Tech

Why is AI's power bill so high, and can it be cut 1,000x?

TechCrunch10 h ago
Industrial cooling pipes in a data centre
Industrial cooling pipes in a data centrePhoto: panumas nikhomkhai / Pexels

AI's energy consumption has become one of the most-discussed side effects of the technology in recent years. According to TechCrunch, Databricks' former AI chief is working on a new approach that he says could cut the energy bill of AI systems by up to 1,000 times.

First, it helps to understand why AI uses so much energy. Modern AI models are vast mathematical structures containing billions of parameters. Training and running these models requires large numbers of specialised processors working at high intensity for long periods. Every calculation consumes electrical energy and produces heat.

These operations are carried out in large facilities called data centres. A data centre not only runs the processors; it also spends a significant amount of energy cooling them. In other words, energy consumption comes both from the computation itself and from the infrastructure that makes it possible.

As models grow, so does their energy demand. More capable models usually mean more parameters and more computation. As AI becomes more widespread, this causes total energy consumption to rise rapidly. That is a source of concern in terms of both cost and environmental impact.

According to TechCrunch, the startup founded by Databricks' former AI chief aims to approach this problem from a different angle. The system, called Un-0, aims to show that the company's technology can reproduce conventional AI methods at a much lower energy cost.

The startup first demonstrated this approach on an image-generation system. Because image generation is one of the most computationally intensive AI tasks, it is a demanding area in which to test energy efficiency. The company presents its results in this area as evidence that its approach can be carried over to a wider range of applications.

The claim of a 1,000-fold reduction is as striking as it is to be treated with caution. Such large efficiency gains usually apply to specific conditions and specific types of task. Whether the gains an approach shows in a laboratory setting hold up to the same degree across the varied workloads of the real world is something that needs to be independently verified.

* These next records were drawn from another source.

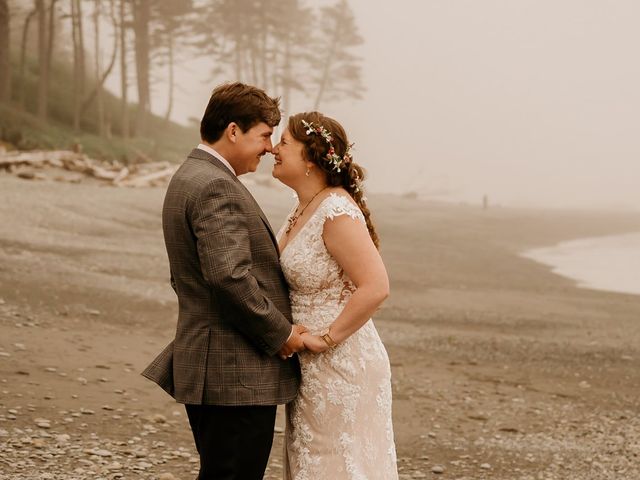 Chris and Brianna&apos;s Wedding in Forks, Washington 10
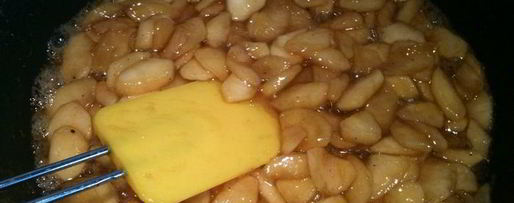 Шаг 7: слоеных вафель с карамельными яблоками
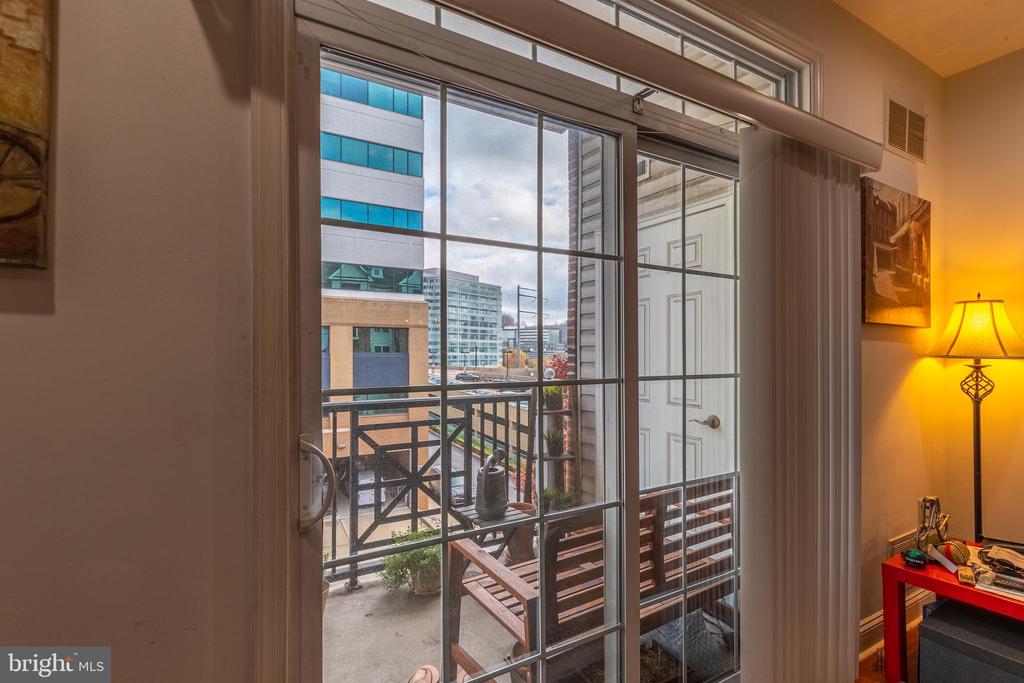 200 W ELM STREET 1211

Even so, work of this kind is a sign of a growing priority in the sector. Reducing AI's energy footprint is not only an environmental but also an economic goal. A lower energy cost can make running AI systems cheaper and make it easier for the technology to reach a wider base of users.

Experts say there is no single solution to AI's energy problem; progress is likely to come on more than one front. More efficient hardware, smarter algorithms, smaller but capable models and data centres powered by renewable energy could all be different parts of that solution.

In the end, the work of Databricks' former AI chief is an example of how central energy efficiency has become to the future of AI. While the true value of the claims will become clear over time and through independent testing, the question it raises is clear: is it possible to achieve the power of AI with far less energy?